Y tú, te masturbas?

13/03/2018 2 Por MaríaG

Dedicada al sexo como actividad central de mi vida, podrías pensar que tod es morbo, todo es intensidad y todo un mar de placer. Pero ésto no es así siempre ni tiene por qué permanecer en el tiempo. Todo en la vida tiende a decaer y somos nosotros, con nuestro esfuerzo, los que colocamos las cosas en su sitio.

No he querido caer en las rutinas ni empezar a adquirir pautas sexuales esterotipadas. Siempere he querido crecer, explirar, enriquecer mi sexualidad.

Tengo recuerdos muy tempranos de mi misma tocándome. En la cama, de noche y antes de dormir, con cualquier imagen del dia en la cabeza. Al apagar la luz ya sabía lo que iba a ocurrir; a veces me tocaba un poco antes, incluso retiraba parte del pijama; después me daba la vuelta, me colocaba boca abajo y entonces comenzaba mi baile íntimo. Podía valerme de una almohada colocada a lo largo de mi cuerpo, de un muñeco de peluche o simplemente abrir mucho las piernas y bajar rítmicamente mi cadera para rozar, sólo levemente, mi tierna entrepierna y así ir aumentando la excitación.

Sin dejar de moverme despacio, notaba como los calores aumentaban y también la necesidad de despojarme de la ropa. Y cuando las sensaciones eran ya casi intolerables, me iba aproximando al borde de la cama, dejando prácticamente en vilo una de mis piernas y colocando el cordón del remate del colchón lo más encajado posible. Y así, ahogando en lo posible los gemidos,  culminaba mi cotidiana tarea.

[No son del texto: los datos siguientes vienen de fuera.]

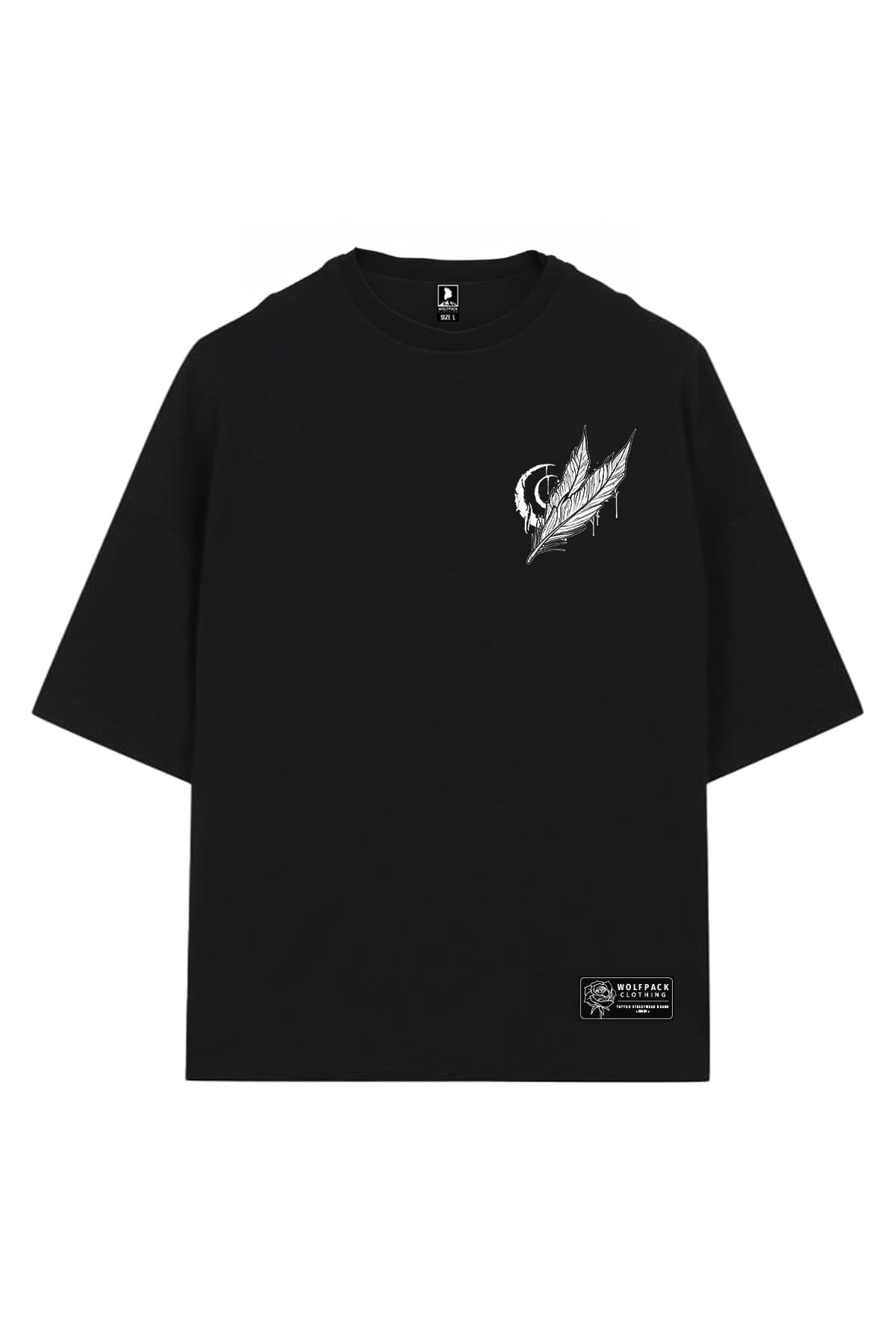 CREATURE OF PREY OVERSIZED TEE UNISEX image 3 CREATURE OF PREY OVERSIZED TEE UNISEX image 3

Muchas mujeres  precoces como yo, jamás confesarán las imágenes que poblaban sus tiernas cabecitas en los momentos privados.

Y ésto siempre ha ocurrido en mi vida, hubiera tenido sexo o no, con pareja o sin ella.

Ni siquiera me hacía muy consciente de ello cuando tenía un hombre a mi lado. La excusa, para mí, era recibirle muy cachonda cuando llegara él a la cama.

Había adquirido un hábito por el cual, en cierta posición y con determinadas premisas, me podía tocar de manera placentera. Pero resulta que te pones a ver porno casero y observas a otras mujeres tocándose y sus estilos son absolutamente diversos.

 

Así me propuse reeducar mi cuerpo y aprender a masturbarme.